The problem => Tally every line below where "saved" appears, then report the total alone.

Available records =>
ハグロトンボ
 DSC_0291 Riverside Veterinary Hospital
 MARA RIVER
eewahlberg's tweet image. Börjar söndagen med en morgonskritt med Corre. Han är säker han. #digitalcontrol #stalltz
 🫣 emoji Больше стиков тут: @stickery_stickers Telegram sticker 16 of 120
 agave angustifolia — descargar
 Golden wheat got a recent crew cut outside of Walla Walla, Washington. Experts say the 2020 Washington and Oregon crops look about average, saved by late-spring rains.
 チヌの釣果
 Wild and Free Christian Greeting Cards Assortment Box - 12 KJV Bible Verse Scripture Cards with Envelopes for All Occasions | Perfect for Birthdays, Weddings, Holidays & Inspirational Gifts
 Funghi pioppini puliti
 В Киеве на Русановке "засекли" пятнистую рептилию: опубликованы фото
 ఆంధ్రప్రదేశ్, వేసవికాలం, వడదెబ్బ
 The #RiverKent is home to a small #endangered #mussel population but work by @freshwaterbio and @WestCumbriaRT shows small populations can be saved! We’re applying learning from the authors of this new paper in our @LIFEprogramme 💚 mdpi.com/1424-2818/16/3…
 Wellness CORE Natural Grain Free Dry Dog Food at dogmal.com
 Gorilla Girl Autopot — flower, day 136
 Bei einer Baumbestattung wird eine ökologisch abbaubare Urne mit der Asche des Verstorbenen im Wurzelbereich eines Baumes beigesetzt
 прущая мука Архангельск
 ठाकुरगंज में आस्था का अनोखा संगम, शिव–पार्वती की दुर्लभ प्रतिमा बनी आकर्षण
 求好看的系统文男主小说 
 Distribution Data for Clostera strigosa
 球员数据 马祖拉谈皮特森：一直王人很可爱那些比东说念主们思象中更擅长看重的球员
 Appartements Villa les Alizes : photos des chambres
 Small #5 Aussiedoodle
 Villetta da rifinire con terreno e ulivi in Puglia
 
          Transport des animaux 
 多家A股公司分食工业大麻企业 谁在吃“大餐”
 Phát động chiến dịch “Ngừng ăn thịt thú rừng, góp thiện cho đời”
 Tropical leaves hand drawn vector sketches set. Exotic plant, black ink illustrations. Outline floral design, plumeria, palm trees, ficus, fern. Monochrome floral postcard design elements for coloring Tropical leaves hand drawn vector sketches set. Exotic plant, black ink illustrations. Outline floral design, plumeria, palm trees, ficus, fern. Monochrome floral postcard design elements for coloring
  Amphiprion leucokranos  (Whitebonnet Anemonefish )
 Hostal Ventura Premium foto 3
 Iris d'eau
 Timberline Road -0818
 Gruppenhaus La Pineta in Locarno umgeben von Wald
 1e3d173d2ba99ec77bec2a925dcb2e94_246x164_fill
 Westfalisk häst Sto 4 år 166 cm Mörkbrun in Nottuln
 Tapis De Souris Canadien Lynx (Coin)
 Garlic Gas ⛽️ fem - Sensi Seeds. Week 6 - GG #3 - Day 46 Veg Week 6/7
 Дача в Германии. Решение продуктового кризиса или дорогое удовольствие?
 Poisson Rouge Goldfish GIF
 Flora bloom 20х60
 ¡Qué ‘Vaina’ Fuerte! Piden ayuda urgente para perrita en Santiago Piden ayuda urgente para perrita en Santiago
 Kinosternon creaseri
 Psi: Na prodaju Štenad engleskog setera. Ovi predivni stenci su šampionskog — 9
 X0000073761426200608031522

Your response => 2